My favourite piece of the interview (which takes place in a house that used to belong to Merv Griffin), and the moment that proves how relevant, how important, and how clever Die Antwoord are: when expensively blonde presenter Xeni Jardin says to Yo-Landi, patronisingly, “What’s it like being in this crazy, lavish mansion that used to belong to one of the greats of American television? This is not South Africa!”

Yo-Landi’s fabulously sarcastic, deadpan response is: “We don’t know what the fuck’s going on, we’re just going with it.

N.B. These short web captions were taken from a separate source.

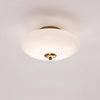 Modern Opal Glass LED Flush Mount Ceiling Lamp for Kitchen and Bathroom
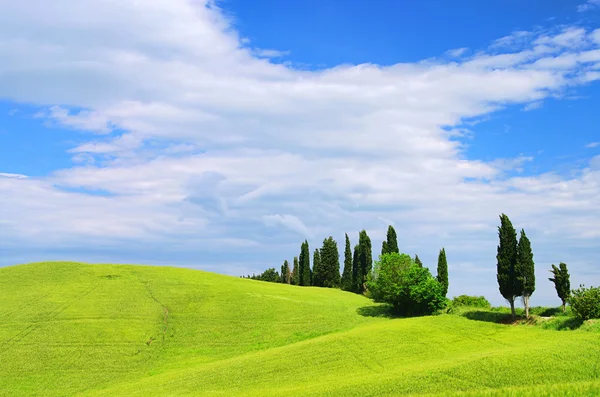 Třída Cypress v Toskánsku, Itálie — Stock fotografie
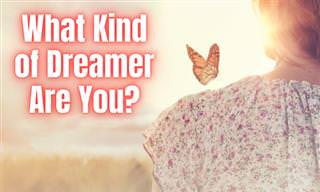 What Kind of Dreamer Are You?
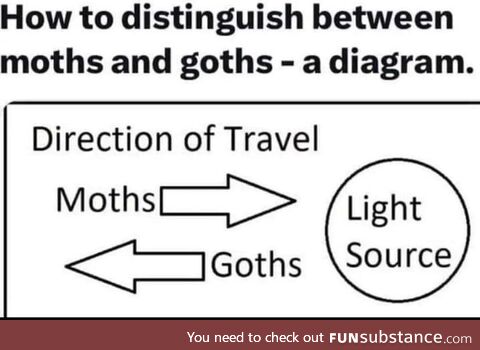 Moth/goth dichotomy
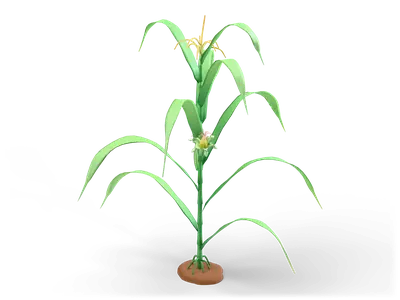 Tall green corn plant with broad arching leaves, an opened ear with yellow kernels and a tassel on top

Next week we’re going back to our little Third World hole, but it’ll be alright, we’ll have this in our memory … Back to the dark depths of Africa.”

It’s a lovely deconstruction of paternalism and condescension, and the beauty of it is, it’s not just about exposing American cultural myopia. It’s about how fucked up South Africans are too. A post-apartheid country where we get pissed off if people like Die Antwoord sully the purity of our race by parodying it. A country where, as Yo-Landi so acutely notes, kids come to a Die Antwoord concert to cheer at the swearing.

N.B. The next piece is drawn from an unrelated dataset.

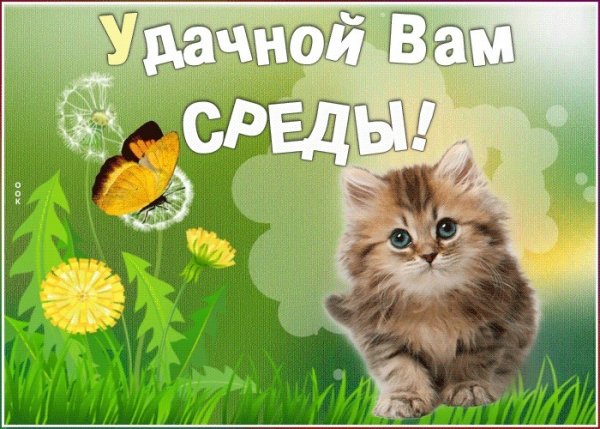 Открытки со средой прикольные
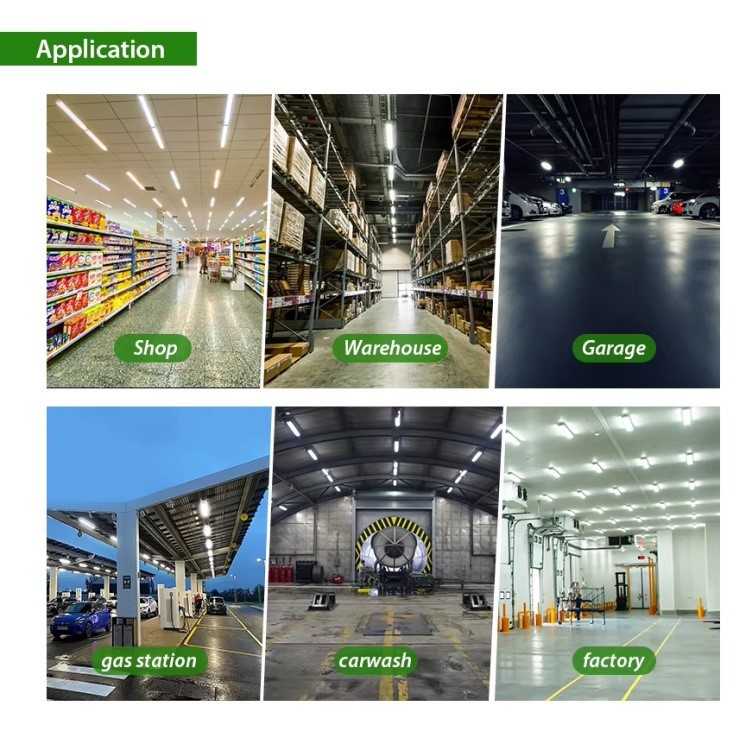 product-750-750 product-750-750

Xeni Jardin says to Die Antwoord, “you guys are straight out of District 9“. How stupid is that? A fake hip-hop band is contextualised by likening them to a Hollywood movie about aliens. Wow, Xeni, you really know your cultures. Die Antwoord are an always-crashing car, and the passengers on their erratic journey are just roadkill for their postmodern pot.

“Ja, it’s kak”, says Yo-Landi. She could be talking about this very column. Nobody can write about Die Antwoord without becoming victims. I must have got at least three things wrong with my argument, and that’s the point. Xeni is probably entirely aware of the fact that Die Antwoord are ripping her off, but that doesn’t stop it happening. Die Antwoord are not a product to be dissected, a brand to be favoured or repulsed. They’re a middle digit raised to the world, and you can either sit on it and wriggle uncomfortably, or reach out and yank it. But to dismiss it as shallow is to make a mistake.